The Sound of Things to Come is a novel-in-stories, with eight stories wherein the characters’ lives crisscross, and sometimes merge. With this book, it is fair to think that Iduma makes a case for individuality: the inward influencing the outward, a person before the people. For instance, in the title story, Moyosore’s sudden aversion for normalcy affects her marriage and her relationship with her sister; Ugo’s iconoclasm in “Helper” rubs off on her family in startling ways; Ella’s amnesia in “The Memory Band” is the foundation for further tension in Goody and Frank’s lives. In this book of disparate yet related stories, Iduma challenges the reader to piece the bits together, to make sense out of them.

With this book, it is fair to think that Iduma makes a case for individuality: the inward influencing the outward, a person before the people.

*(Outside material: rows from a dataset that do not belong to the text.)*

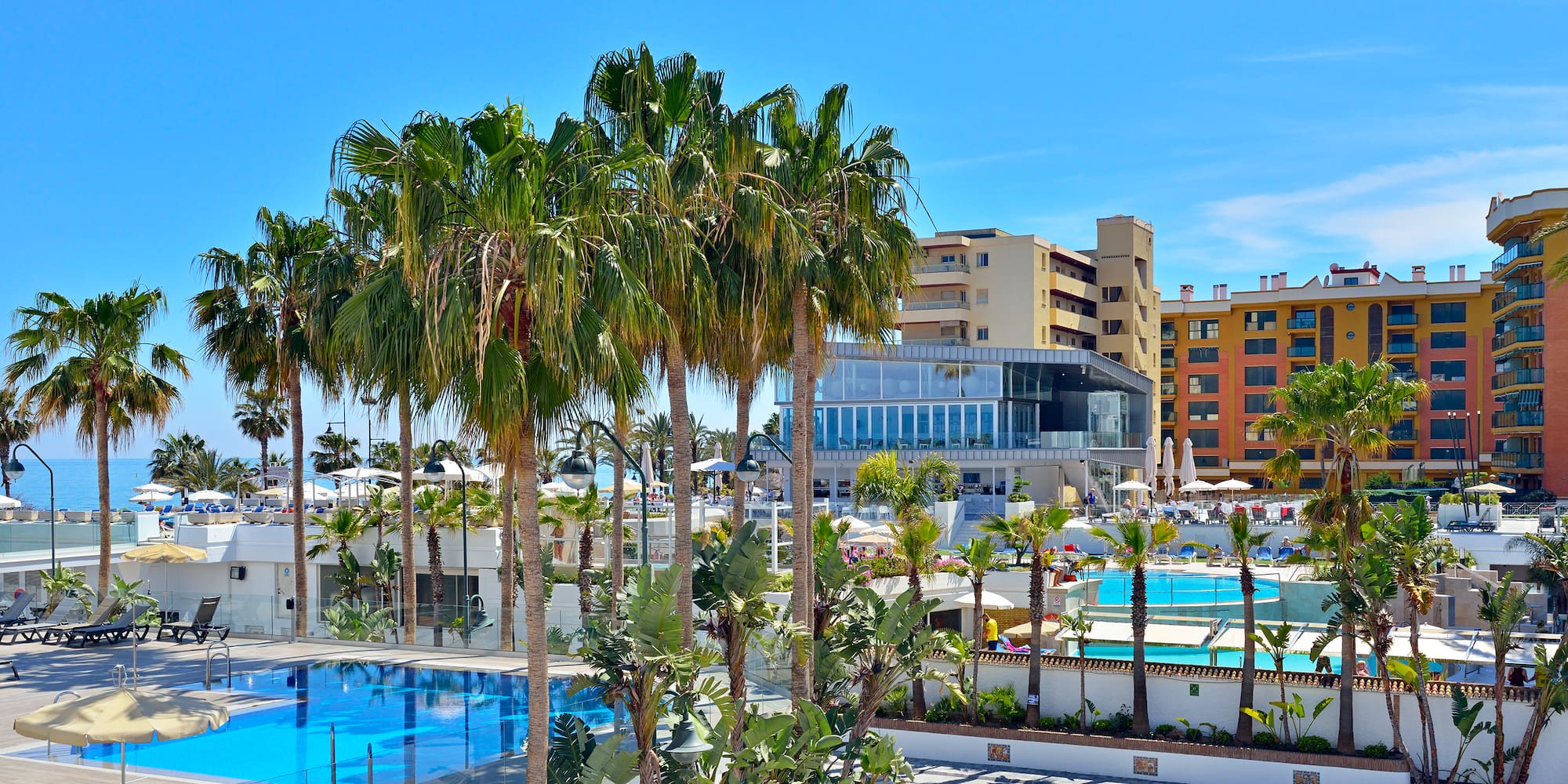 a pool with palm trees and buildings in the background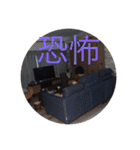 〜細胞と愉快な仲間たち〜with  テリネギ（個別スタンプ：22）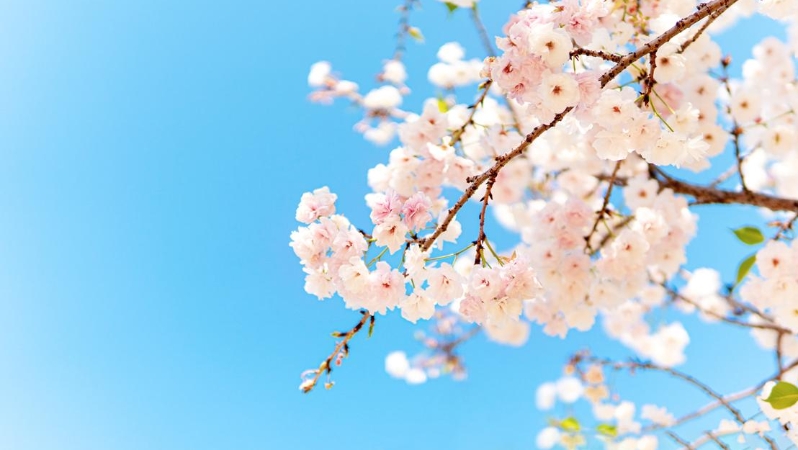 黄裕涛专栏｜春天含笑（组诗）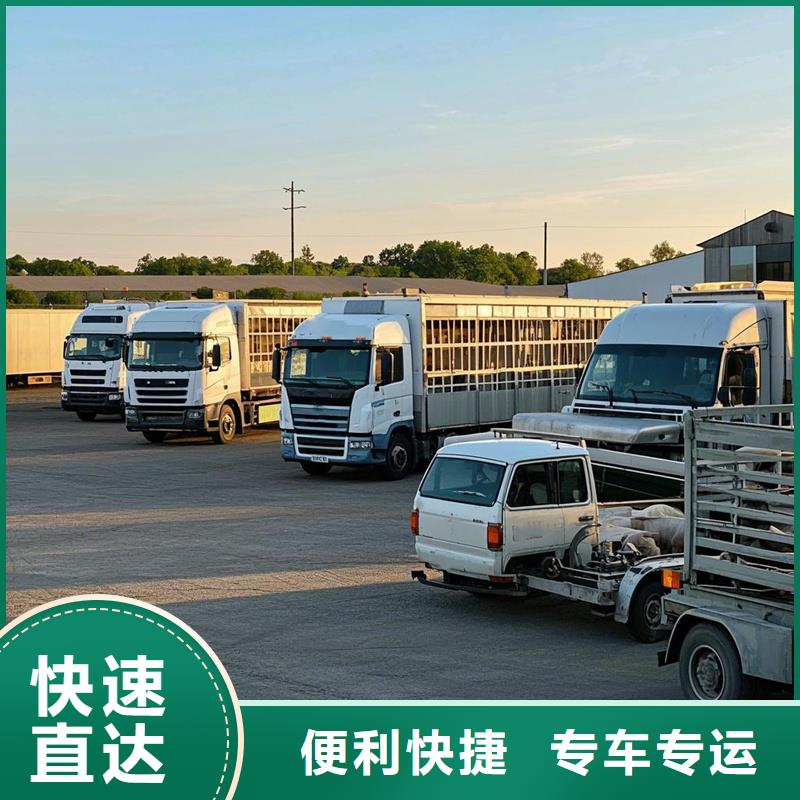 濮阳到平湖物流专线货运公司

It is also imperative to note that most, if not all, of the characters in the book are driven by needs, and it is these needs that egg them on to fortune, disaster or nowhere at all. Frank and Goody in “The Memory Band”: an understanding to Ella’s unfortunate situation; Muna in “One Man”: an escape from his bitter past; Christian Ike in “The Museum of Silver Lights”: self-discovery; Mosun in “Monkey’s Wedding”: hoping to brook peace in the estranged relationship between a father and his son; the Chaplain in “A Father’s Son”: the complete love of his free-spirited son.
On the flip side, The Sound of Things to Come would have profited from closer reading that would have helped fish out the typos that threatened to disrupt the flow of the reading. But Emmanuel Iduma’s deft and insightful writing covers up for the book’s blushes. A little tidbit: Iduma features his friend and co-founder of Saraba Magazine, Dami Ajayi, as a character in the book. What other proves do we need about the smallness of the world?